Способность легенды реагировать на актуальные социальные проблемы и в некоторых случаях – вызывать их (о моральных паниках см. специальный раздел далее, с. 51–57) приводит к тому, что в США и Канаде, а потом и в других странах, интерес – и академический, и неакадемический – к такого рода исследованиям городского фольклора становится необычайно велик и в дальнейшем только растет. В США Центром изучения городской легенды становится университет Индианы – во многом благодаря усилиям фольклориста венгерского происхождения Линды Дег. В Париже в 1984 году был создан Институт исследования слухов (La Fondation pour l’étude et l’information sur les rumeurs), сотрудники которого под руководством Жан-Ноэля Капферера изучали самые свежие французские слухи. А в 2014 году в России появилась исследовательская группа «Мониторинг актуального фольклора», в которую входят оба автора этих строк: одна из ее целей – исследование современных российских слухов и городских легенд.
В 1980‐е годы исследователи городской легенды начинают выпускать постоянные периодические издания и проводить регулярные конференции, а широкая публика узнает о городских легендах благодаря книгам Яна Бранвальда, который издает несколько популярно написанных сборников городских легенд[32]. В 1985 году выходит первый выпуск газеты Foaftale New, основанной по инициативе Пола Смита для обмена информацией между исследователями современных легенд. Название газеты образовано от соединения термина folktale (сказка) и аббревиатуры от friend-of-a-friend («друг одного друга» – типичный источник сведений, сообщаемых городской легендой). В 1988 году появляется Международное общество по изучению современных легенд (International Society for Contemporary Legend Research), которое с 1991 года выпускает свой журнал Contemporary Legend и проводит ежегодные конференции.
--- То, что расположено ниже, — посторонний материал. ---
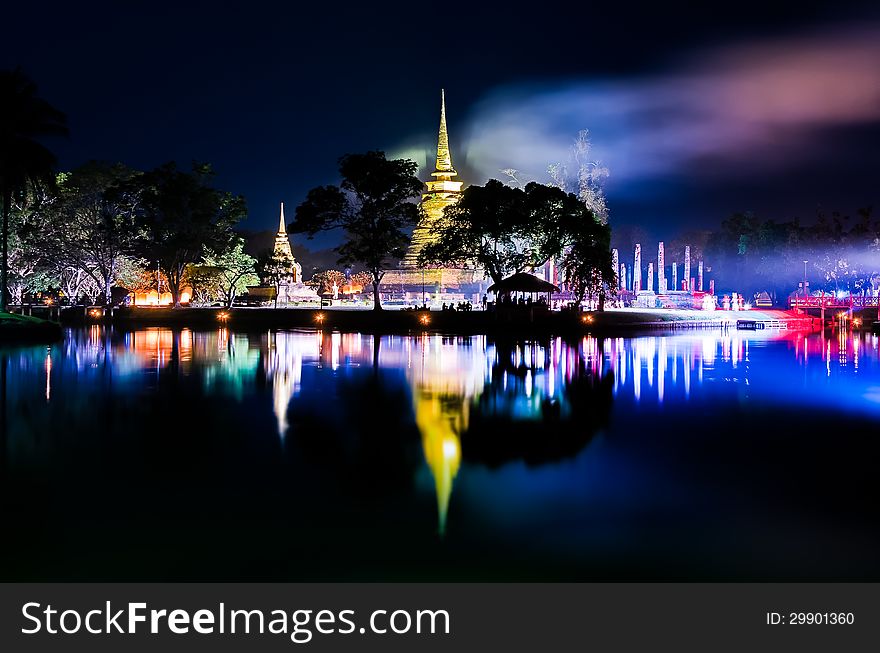 Buddhist colorful temple at night with lake reflection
В это же время в СССР, а потом и в постперестроечной России не происходит ничего подобного. Причины этого заключаются в той самой тесной связи городской легенды с современной реальностью. Советская фольклористика 1930–1950‐х годов, следуя марксистской логике развития классов, считала фольклор устной литературой для крестьян, которые еще не достигли нужной стадии развития. С точки зрения советской доктрины образованное городское население слухам не подвержено и никакого городского фольклора, отражающего надежды и страхи образованного населения, быть не может (тем более городская легенда оказывается опасно близка к понятию «критика снизу»). Это привело к тому, что публикации и текстов самих городских легенд, и исследований были почти под тотальным запретом. Хотя давление идеологии на фольклористов сильно ослабевает уже в 1960–1980‐е, в постперестроечной России эта тенденция сохраняется[33]. Именно поэтому термин «городская легенда» в российских исследованиях почти не использовался, а термин «легенда» ассоциировался или с рассказами на религиозные темы, или с топонимическими, историческими и утопическими нарративами, но не со светскими рассказами о современности.